North Korea could be preparing another missile launch, Seoul said Monday as it stepped up its defences following Pyongyang's biggest-ever nuclear test and declaration it had a hydrogen bomb.
The South and the United States will deploy more of the Terminal High-Altitude Area Defense (THAAD) missile launchers that have infuriated Beijing, the defence ministry said.
The announcement came after Seoul fired an early morning volley of ballistic missiles in an exercise simulating an attack on the North's nuclear test site.
Pictures showed South Korean short-range Hyunmoo ballistic missiles roaring into the sky in the pale light of dawn from a launch site on the country's east coast.
Pyongyang said the device it detonated Sunday was a hydrogen bomb -- far more powerful than the fission-based devices it is believed to have previously tested -- and small enough to fit into a missile.

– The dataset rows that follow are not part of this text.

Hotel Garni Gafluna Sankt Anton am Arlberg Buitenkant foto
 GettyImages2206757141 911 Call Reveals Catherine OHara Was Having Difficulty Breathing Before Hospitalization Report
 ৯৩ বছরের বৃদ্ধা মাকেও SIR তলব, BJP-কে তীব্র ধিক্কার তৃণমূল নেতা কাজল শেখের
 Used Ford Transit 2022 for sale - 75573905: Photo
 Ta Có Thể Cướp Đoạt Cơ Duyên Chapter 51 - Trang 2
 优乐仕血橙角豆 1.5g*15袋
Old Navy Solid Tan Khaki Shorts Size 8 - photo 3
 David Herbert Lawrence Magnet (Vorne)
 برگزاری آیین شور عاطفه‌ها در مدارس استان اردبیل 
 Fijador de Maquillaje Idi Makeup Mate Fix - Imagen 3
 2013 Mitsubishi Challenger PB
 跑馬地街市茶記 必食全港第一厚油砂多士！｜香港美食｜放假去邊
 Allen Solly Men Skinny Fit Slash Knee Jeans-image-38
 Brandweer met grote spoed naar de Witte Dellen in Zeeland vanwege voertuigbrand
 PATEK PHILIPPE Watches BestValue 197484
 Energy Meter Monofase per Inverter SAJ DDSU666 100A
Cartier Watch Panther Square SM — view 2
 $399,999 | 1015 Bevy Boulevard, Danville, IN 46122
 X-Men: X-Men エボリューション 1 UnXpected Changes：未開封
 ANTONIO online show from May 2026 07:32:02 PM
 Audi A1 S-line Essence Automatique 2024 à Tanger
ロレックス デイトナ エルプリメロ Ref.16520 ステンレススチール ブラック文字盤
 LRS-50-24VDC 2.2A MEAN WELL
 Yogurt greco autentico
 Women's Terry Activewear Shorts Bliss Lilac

The blast laid down a new gauntlet to President Donald Trump, after the North in July twice tested an intercontinental ballistic missile (ICBM) that appeared to bring much of the US mainland into range, and threatened to send a salvo of missiles towards the US territory of Guam.
South Korean defence ministry officials estimated its strength at 50 kilotons -- five times the size of the North's previous nuclear test, and more than three times bigger than the US device which obliterated Hiroshima in 1945.
But they did not confirm whether it was a hydrogen bomb, saying only that "a variety of nuclear material" had been used.